──────── THE RECORDS

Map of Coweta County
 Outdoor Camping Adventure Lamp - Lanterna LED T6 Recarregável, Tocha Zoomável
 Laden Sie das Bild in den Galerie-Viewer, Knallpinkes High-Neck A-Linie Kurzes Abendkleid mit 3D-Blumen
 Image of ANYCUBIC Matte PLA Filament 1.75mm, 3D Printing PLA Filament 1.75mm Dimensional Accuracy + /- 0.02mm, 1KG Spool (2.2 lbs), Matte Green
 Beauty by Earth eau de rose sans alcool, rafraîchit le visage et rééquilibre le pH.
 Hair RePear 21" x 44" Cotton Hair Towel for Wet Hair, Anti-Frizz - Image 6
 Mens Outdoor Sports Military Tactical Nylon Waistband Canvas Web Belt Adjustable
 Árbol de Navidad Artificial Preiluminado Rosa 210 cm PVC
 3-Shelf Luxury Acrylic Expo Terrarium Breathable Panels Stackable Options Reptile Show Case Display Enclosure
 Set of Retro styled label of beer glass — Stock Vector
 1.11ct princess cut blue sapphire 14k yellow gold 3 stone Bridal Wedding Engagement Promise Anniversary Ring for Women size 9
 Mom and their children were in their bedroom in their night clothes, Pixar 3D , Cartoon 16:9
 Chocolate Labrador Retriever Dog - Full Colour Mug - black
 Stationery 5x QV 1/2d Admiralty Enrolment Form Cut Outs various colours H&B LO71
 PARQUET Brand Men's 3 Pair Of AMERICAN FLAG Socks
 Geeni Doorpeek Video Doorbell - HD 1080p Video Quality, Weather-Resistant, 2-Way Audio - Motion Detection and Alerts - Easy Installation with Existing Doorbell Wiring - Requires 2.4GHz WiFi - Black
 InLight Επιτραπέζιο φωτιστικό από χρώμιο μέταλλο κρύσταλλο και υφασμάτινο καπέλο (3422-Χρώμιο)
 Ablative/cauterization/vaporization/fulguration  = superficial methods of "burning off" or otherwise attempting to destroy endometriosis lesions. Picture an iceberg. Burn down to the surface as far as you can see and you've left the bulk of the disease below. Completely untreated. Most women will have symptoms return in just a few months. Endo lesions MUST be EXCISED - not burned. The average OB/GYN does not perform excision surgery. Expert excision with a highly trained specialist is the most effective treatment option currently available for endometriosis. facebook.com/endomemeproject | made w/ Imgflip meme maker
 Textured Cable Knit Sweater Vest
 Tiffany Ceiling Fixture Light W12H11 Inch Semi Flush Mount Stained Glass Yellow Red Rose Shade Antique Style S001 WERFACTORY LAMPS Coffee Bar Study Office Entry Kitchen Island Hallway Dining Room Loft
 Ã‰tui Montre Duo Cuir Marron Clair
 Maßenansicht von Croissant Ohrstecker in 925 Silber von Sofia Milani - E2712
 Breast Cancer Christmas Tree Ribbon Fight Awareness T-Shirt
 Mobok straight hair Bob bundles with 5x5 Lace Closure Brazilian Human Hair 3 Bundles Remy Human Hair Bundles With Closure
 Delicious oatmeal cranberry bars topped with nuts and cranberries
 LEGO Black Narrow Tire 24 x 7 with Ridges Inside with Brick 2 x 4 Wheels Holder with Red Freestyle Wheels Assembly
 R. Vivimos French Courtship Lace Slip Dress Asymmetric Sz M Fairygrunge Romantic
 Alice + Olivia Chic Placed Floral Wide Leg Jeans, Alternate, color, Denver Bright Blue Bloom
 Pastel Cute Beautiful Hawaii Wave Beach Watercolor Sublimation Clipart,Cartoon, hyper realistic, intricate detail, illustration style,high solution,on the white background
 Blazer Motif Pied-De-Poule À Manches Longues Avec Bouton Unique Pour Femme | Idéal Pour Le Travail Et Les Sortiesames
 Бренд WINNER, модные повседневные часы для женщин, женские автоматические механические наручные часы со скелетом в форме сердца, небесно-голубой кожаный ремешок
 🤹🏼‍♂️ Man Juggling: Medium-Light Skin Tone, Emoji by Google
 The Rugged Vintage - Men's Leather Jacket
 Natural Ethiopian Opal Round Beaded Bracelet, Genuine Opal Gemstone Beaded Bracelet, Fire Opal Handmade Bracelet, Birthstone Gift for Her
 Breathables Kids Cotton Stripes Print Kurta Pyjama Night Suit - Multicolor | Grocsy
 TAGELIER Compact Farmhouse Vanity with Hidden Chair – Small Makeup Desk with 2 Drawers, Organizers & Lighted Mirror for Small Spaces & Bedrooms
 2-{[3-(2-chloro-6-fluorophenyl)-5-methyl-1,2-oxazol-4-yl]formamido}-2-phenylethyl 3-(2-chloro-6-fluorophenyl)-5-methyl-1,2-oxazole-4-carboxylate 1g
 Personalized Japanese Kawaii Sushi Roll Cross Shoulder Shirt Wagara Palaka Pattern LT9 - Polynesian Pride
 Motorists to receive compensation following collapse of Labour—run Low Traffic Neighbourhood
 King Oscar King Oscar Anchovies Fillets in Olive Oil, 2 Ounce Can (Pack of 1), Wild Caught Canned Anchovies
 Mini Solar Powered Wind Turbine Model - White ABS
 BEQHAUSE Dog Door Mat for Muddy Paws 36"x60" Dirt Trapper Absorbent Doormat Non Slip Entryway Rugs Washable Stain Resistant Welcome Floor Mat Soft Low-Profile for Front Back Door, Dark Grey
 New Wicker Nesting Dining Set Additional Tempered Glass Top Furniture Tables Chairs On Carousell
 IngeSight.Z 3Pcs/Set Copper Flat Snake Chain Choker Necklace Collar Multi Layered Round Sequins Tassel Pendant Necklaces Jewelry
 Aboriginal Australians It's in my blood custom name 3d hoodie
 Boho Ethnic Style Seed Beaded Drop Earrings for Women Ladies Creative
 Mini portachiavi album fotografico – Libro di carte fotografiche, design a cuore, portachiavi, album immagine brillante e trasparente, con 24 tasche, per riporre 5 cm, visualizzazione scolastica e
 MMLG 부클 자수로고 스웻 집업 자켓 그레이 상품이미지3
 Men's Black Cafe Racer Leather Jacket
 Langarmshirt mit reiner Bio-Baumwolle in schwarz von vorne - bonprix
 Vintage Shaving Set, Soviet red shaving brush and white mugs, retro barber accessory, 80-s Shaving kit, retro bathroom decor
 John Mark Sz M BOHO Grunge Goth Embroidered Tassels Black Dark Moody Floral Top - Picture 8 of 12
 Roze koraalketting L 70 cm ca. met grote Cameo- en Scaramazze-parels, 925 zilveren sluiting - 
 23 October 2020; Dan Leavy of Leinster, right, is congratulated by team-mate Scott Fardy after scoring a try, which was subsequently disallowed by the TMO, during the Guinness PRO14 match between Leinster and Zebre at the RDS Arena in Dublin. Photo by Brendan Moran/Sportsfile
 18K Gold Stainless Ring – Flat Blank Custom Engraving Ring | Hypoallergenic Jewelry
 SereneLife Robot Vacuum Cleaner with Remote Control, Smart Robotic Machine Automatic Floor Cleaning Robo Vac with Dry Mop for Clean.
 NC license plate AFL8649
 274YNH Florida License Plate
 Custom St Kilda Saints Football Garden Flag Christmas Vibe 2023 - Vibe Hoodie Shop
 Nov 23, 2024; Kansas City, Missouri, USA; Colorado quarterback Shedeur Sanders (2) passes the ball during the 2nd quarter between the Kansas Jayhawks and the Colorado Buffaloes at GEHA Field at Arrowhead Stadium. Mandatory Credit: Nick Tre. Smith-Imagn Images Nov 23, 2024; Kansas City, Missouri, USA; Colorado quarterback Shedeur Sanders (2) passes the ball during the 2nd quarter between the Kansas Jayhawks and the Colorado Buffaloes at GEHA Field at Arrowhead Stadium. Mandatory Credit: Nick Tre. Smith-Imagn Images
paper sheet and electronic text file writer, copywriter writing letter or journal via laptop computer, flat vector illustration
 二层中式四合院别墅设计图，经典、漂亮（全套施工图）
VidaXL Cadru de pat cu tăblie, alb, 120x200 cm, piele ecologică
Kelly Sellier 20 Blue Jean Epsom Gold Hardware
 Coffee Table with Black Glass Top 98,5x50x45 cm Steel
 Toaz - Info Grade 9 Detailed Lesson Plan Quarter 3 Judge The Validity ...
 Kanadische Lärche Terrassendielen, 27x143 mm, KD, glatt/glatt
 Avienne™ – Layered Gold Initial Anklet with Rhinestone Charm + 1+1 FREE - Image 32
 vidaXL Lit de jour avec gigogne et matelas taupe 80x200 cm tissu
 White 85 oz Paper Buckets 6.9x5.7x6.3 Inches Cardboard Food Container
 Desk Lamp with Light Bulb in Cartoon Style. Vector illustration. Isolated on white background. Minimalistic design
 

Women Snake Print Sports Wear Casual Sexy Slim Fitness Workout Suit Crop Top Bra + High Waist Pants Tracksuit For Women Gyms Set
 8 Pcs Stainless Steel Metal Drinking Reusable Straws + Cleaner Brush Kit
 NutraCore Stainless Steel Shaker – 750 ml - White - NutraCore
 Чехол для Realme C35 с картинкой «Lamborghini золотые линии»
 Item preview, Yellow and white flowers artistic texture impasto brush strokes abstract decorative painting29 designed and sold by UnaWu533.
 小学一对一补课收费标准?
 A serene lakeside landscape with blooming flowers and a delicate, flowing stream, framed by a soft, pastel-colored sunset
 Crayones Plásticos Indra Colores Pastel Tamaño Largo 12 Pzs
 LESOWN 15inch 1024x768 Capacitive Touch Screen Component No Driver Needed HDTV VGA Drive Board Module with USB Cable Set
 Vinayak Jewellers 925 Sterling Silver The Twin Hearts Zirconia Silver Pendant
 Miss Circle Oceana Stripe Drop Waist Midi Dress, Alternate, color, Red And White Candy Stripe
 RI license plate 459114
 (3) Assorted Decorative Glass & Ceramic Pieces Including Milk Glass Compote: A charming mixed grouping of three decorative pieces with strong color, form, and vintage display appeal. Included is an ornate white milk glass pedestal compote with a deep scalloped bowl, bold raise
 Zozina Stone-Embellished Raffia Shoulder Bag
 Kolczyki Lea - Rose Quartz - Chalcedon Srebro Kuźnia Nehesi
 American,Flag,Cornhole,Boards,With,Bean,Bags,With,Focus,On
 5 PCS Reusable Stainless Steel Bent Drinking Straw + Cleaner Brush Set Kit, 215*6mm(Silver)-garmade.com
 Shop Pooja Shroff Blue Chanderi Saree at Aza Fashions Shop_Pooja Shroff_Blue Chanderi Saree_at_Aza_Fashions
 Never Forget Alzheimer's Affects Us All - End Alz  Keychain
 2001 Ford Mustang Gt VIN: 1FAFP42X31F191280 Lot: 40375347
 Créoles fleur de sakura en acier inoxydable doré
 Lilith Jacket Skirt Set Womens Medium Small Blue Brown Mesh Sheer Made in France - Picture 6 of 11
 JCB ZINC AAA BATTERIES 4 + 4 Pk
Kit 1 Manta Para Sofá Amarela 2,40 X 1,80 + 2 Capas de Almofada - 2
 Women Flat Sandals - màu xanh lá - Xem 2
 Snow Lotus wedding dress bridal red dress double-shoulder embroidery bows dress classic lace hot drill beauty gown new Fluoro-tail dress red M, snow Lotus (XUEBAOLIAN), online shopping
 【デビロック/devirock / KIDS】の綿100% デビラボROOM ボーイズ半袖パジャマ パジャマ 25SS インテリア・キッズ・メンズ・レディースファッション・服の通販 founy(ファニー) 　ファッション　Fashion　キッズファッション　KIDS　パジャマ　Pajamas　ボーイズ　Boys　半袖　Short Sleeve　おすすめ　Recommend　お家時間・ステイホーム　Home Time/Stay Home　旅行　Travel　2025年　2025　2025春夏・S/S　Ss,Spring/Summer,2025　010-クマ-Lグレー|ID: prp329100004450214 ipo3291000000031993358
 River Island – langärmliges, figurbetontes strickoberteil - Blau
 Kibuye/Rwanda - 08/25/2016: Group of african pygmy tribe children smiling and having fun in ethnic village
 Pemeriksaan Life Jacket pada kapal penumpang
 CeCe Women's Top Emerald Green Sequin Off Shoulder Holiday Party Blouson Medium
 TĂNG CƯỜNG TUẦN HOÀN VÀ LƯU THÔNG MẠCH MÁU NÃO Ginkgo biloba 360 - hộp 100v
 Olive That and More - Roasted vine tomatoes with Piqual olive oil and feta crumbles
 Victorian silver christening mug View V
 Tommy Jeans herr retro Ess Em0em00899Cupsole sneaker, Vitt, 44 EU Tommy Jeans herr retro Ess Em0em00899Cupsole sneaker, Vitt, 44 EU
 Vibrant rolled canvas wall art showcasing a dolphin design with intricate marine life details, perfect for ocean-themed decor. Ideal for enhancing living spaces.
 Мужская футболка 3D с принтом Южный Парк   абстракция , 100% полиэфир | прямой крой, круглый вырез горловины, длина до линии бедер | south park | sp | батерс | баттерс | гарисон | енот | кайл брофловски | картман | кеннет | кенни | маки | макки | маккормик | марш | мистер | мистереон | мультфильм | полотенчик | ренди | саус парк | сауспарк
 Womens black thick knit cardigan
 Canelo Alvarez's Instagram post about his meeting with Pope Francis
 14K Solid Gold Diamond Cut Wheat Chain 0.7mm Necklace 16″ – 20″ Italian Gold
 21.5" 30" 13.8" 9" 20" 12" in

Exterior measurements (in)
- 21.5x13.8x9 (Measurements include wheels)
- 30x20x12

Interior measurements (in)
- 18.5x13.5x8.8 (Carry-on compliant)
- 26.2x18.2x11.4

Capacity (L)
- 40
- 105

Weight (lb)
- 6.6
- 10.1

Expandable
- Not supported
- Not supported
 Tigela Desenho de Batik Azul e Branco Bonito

────────────────

## TASK PROMPT
Give back, unchanged, the run of lines in the listing above that begins at the line containing "Miss Circle Oceana" and ends at the line containing "CeCe Women's Top", both included.

## EXERCISE SOLUTION
 Miss Circle Oceana Stripe Drop Waist Midi Dress, Alternate, color, Red And White Candy Stripe
 RI license plate 459114
 (3) Assorted Decorative Glass & Ceramic Pieces Including Milk Glass Compote: A charming mixed grouping of three decorative pieces with strong color, form, and vintage display appeal. Included is an ornate white milk glass pedestal compote with a deep scalloped bowl, bold raise
 Zozina Stone-Embellished Raffia Shoulder Bag
 Kolczyki Lea - Rose Quartz - Chalcedon Srebro Kuźnia Nehesi
 American,Flag,Cornhole,Boards,With,Bean,Bags,With,Focus,On
 5 PCS Reusable Stainless Steel Bent Drinking Straw + Cleaner Brush Set Kit, 215*6mm(Silver)-garmade.com
 Shop Pooja Shroff Blue Chanderi Saree at Aza Fashions Shop_Pooja Shroff_Blue Chanderi Saree_at_Aza_Fashions
 Never Forget Alzheimer's Affects Us All - End Alz  Keychain
 2001 Ford Mustang Gt VIN: 1FAFP42X31F191280 Lot: 40375347
 Créoles fleur de sakura en acier inoxydable doré
 Lilith Jacket Skirt Set Womens Medium Small Blue Brown Mesh Sheer Made in France - Picture 6 of 11
 JCB ZINC AAA BATTERIES 4 + 4 Pk
Kit 1 Manta Para Sofá Amarela 2,40 X 1,80 + 2 Capas de Almofada - 2
 Women Flat Sandals - màu xanh lá - Xem 2
 Snow Lotus wedding dress bridal red dress double-shoulder embroidery bows dress classic lace hot drill beauty gown new Fluoro-tail dress red M, snow Lotus (XUEBAOLIAN), online shopping
 【デビロック/devirock / KIDS】の綿100% デビラボROOM ボーイズ半袖パジャマ パジャマ 25SS インテリア・キッズ・メンズ・レディースファッション・服の通販 founy(ファニー) 　ファッション　Fashion　キッズファッション　KIDS　パジャマ　Pajamas　ボーイズ　Boys　半袖　Short Sleeve　おすすめ　Recommend　お家時間・ステイホーム　Home Time/Stay Home　旅行　Travel　2025年　2025　2025春夏・S/S　Ss,Spring/Summer,2025　010-クマ-Lグレー|ID: prp329100004450214 ipo3291000000031993358
 River Island – langärmliges, figurbetontes strickoberteil - Blau
 Kibuye/Rwanda - 08/25/2016: Group of african pygmy tribe children smiling and having fun in ethnic village
 Pemeriksaan Life Jacket pada kapal penumpang
 CeCe Women's Top Emerald Green Sequin Off Shoulder Holiday Party Blouson Medium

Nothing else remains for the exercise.